Many essential tools of the electrical trade—pliers, hand drills, cutters, etc.—haven’t changed in decades. Today they are competing with high-tech solutions and devices for a place in the electrician’s toolbox. How much difference do smart tools make for everyday projects? Depending on what is coming in the future, and how valuable they are, these tools may help contractors stay nimble and competitive—for securing new contracts and retaining the latest generation of electricians.
Some of the most common innovations making an impact are software, robotics and automation, which can do repetitive tasks currently performed by human workers. Drones, for example, have quickly penetrated the construction market. They take photos and videos of the work site to provide a project overview, even when a supervisor is off-site. Drones also provide a quick look at otherwise hard-to-reach areas.
Wearable technology such as smart watches help electricians and supervisors track activities and identify safety concerns. A variety of wearable exoskeletons, some emerging form the world of prosthetics, offer better safety and productivity for workers when worn on arms and torsos.
It could be a dizzying set of options for any company wanting to offer the best and newest technology, so taking a step back and a measured approach can be the best way to proceed.
Taking it to the cloud
Access to data stored in the cloud has had a two-pronged effect on electrical contractors by changing the way work is done and how buildings are wired. Smart meters are one part of the connected building trend, because they track energy use for utilities, building owners and tenants. Electric utilities are already managing remote grid information on a wide scale, and electrical contractors are often doing the installation. Such metering systems collect data and enable upgrades to happen seamlessly. For the utilities, that means reduced capital expenditure costs and reinforced cybersecurity, said Ruth Gratzke, president of Atlanta-based Siemens Smart Infrastructure in the United States.
The cloud also affects what systems are being installed in buildings as more communication takes place virtually, Gratzke said, with building health accessible remotely through automated building technology. Employees can monitor and control facility systems remotely, which helps reduce travel, improves employee efficiency and increases job-site safety. More applications will be integrated into building management systems in the coming years.
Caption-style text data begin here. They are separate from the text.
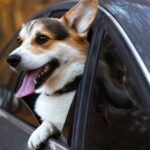 L'UE modifie les règles et, à partir d'avril, tous les propriétaires de chiens et de chats devront enregistrer à l'avance tout voyage qu'ils effectuent avec des animaux de compagnie.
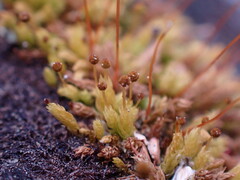 Aulacomnium androgynum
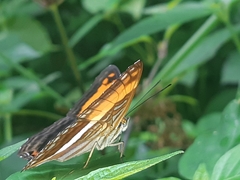 Adelpha cocala lorzae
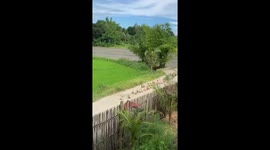 Ducks spotted marching in line in Iloilo, Philippines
Electrical contractors with knowledge of cloud-based platform data management, as well as the meters and sensors that feed data to those platforms, are poised to serve this market.
The cloud also aids contractors seeking to access data about conditions on their own work site, using virtual reality (VR), which creates 3D modeling of a project as it evolves.
Whether such cloud-based technology is being installed or adopted for the construction process, it is necessary to build workers’ comfort level when using it, Gratzke said. To help contractors adjust, many companies offer early training and workshops.
Siemens, for example, provides support for contractors and workers learning the ropes around VR. Gratzke said that “with more digital natives entering the trades, we designed a training platform centered around VR technology.”
The challenge is that many training programs, materials and hands-on instruction are time-consuming and expensive. Subject matter experts and instructors must travel to multiple locations, and there is little way to ensure consistency in what information is being shared.